Le tracé desservira plusieurs grands ports de la Méditerranée : Barcelone, Marseille, Gênes, Alger, Tripoli, Alexandrie, Corfou, Yeroskipos (Chypre) et Nador, en plus du point tunisien.

Un enjeu stratégique pour la région
Au-delà des aspects techniques, Medusa revêt une importance géopolitique et économique majeure. Il diversifie les routes de données, aujourd’hui largement concentrées autour de l’Égypte et du Moyen-Orient, et réduit la dépendance régionale vis-à-vis de quelques corridors numériques.
Pour l’Afrique du Nord, c’est une étape décisive dans la réduction de la fracture numérique et le renforcement de l’intégration économique avec l’Europe. Pour l’Europe du Sud, c’est l’assurance d’un accès plus rapide et plus fiable aux marchés africains émergents.
En visite, samedi 1er novembre 2025, sur le chantier du câble sous-marin Medusa à Bizerte, nous avons pu constater l’avancement des travaux du côté tunisien.
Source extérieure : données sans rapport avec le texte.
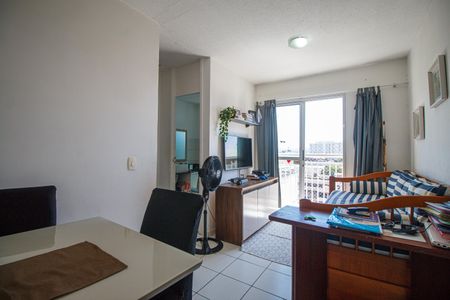 Sala de apartamento para alugar com 2 quartos, 46m² em Imperial de São Cristóvão, Rio de Janeiro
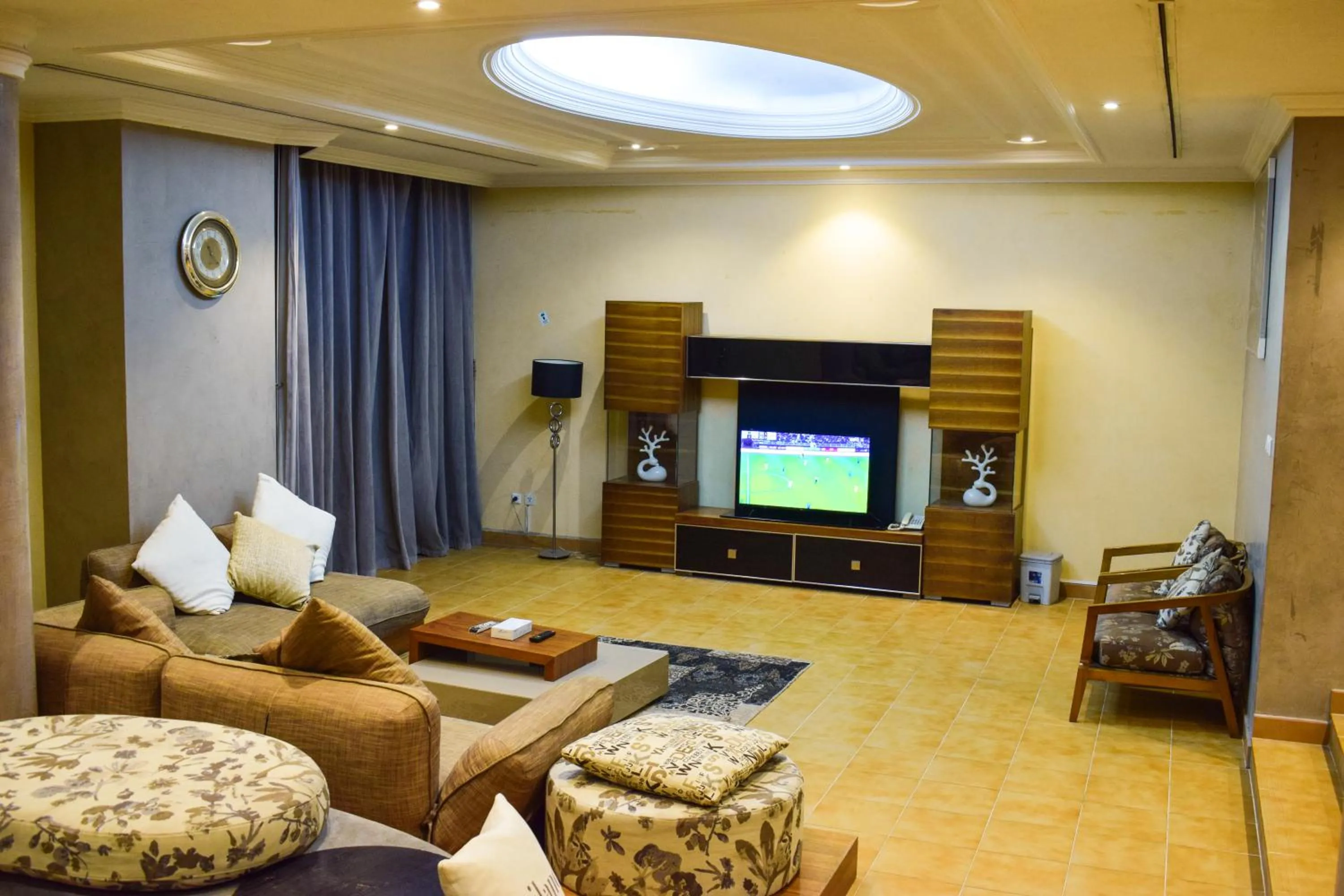 Arjan Qurtuba Served Apartments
Sur place, Gérard Estanyol, ingénieur en génie civil originaire de Catalogne et responsable du segment côtier du projet, a accepté de partager plusieurs informations techniques sur cette phase cruciale.
Un chantier de haute précision
Le câble Medusa, qui reliera la Tunisie à plusieurs pays du pourtour méditerranéen, est en cours de pose sur la rive de Bizerte-El Alia. Selon M. Estanyol, le câble est alimenté par une tension continue de 3 000 volts depuis la Cable Landing Station (CLS) de Bizerte. Cette alimentation électrique sert à activer les amplificateurs optiques installés à intervalles réguliers de 80 kilomètres, essentiels pour maintenir la puissance du signal sur l’ensemble du tracé sous-marin.
Près du rivage, le câble est enterré à une distance de 200 à 300 mètres de la plage, à une profondeur variant entre 1 et 2 mètres, en fonction du relief du fond marin. Dans les zones sablonneuses, l’enfouissement atteint environ 2 mètres afin d’assurer une meilleure protection contre l’érosion et les mouvements du sable.
Le câble, composé de 24 paires de fibres optiques, bénéficie d’une protection mécanique renforcée grâce à un système de tubes articulés («articulated pipes») de 50 centimètres de long. Ces segments métalliques, emboîtés les uns dans les autres, forment une gaine souple mais résistante qui protège le câble des chocs, des ancres ou des activités maritimes côtières.

Des points d’accès techniques soigneusement planifiés
Les interventions de maintenance ou de contrôle se font par l’intermédiaire de chambres techniques appelées Beach Man Holes (BMH). Deux de ces structures ont été construites sur le site : l’une immergée à environ 200 mètres en mer, l’autre implantée sur la plage. Ces accès permettent aux ingénieurs de surveiller, réparer ou remplacer les sections du câble si nécessaire, sans perturber l’ensemble du réseau.
Cette étape des travaux marque une avancée significative pour la mise en service prochaine du câble Medusa, prévue avant la fin de 2025. Le projet, porté par un consortium international et auquel participe Tunisie Télécom et Orange pour la partie nationale, doit transformer Bizerte en un nœud numérique stratégique entre l’Afrique du Nord et l’Europe.
Pour M. Estanyol, ce chantier représente à la fois un défi technique et une contribution à un projet d’intégration numérique sans précédent dans la région. «Chaque mètre posé rapproche un peu plus les deux rives de la Méditerranée», confie l’ingénieur, satisfait de la précision du travail accompli jusqu’ici.